[Tribune] 6 conseils pour préparer vos entretiens professionnels
Obligatoire dès 2016, l'entretien professionnel vise à renforcer l'employabilité du salarié dans ses perspectives d'évolution (promotion, changement de poste, formation...). Il doit être réalisé d'ici le 07 mars. Voici six conseils pratiques pour le déployer dans votre PME sans commettre d'impair.
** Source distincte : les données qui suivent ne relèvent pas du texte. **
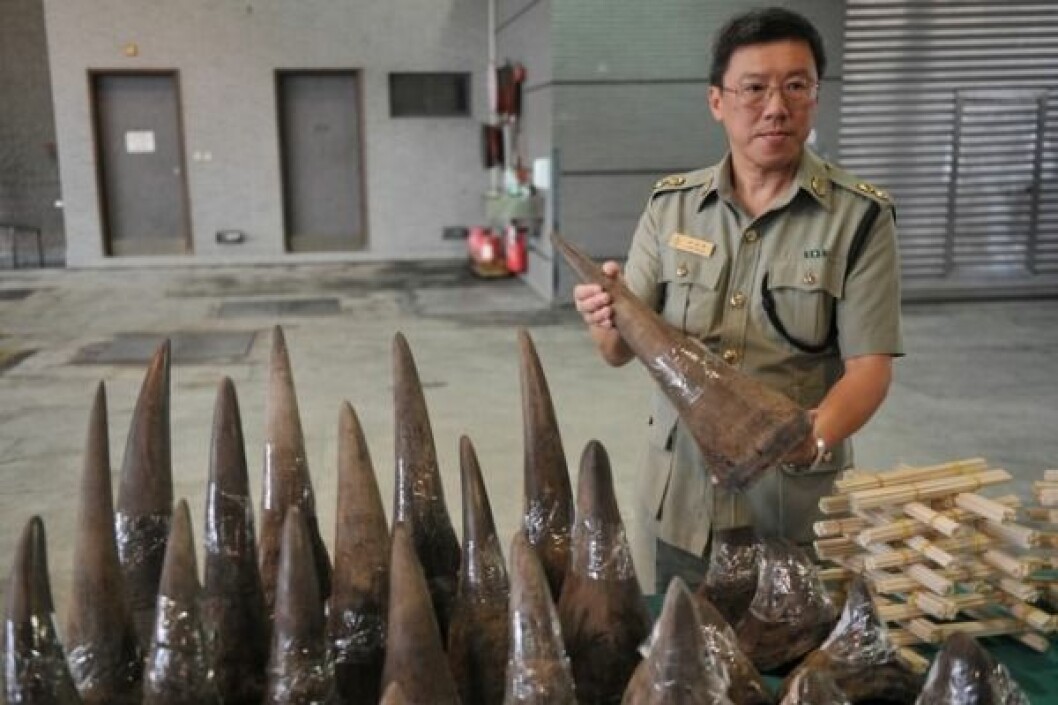 Hornen är eftertraktade på den asiatiska marknaden. Via: <a href="http://onemoregeneration.org/2012/07/20/dear-president-zuma/" target="_blank" rel="noopener">Onemoregeneration.org</a> VIa: Onemoregeneration.org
Je m'abonne1. Ne confondez pas entretien professionnel et entretien annuel
L'entretien professionnel ne doit, en aucun cas, porter sur l'évaluation du travail du salarié et se distingue donc des entretiens annuels d'évaluation. En effet, les échanges doivent porter sur des perspectives d'évolution professionnelle afin de favoriser le départ en formation du salarié. L'objectif : faire le point sur les besoins en formation, les actions à mener, en identifiant les moyens à mettre en oeuvre. Néanmoins, il peut être réalisé isolément ou être couplé à l'entretien d'évaluation.
2. Respectez le calendrier
Les entretiens professionnels doivent être réalisés tous les deux ans. Pour les salariés déjà en poste le 7 mars 2014, ils doivent être réalisés au plus tard le 7 mars 2016. L'état des lieux récapitulatifs de l'évolution du salarié devra être réalisé au plus tard 6 ans après la date du 7 mars 2014 soit avant le 07 mars 2020.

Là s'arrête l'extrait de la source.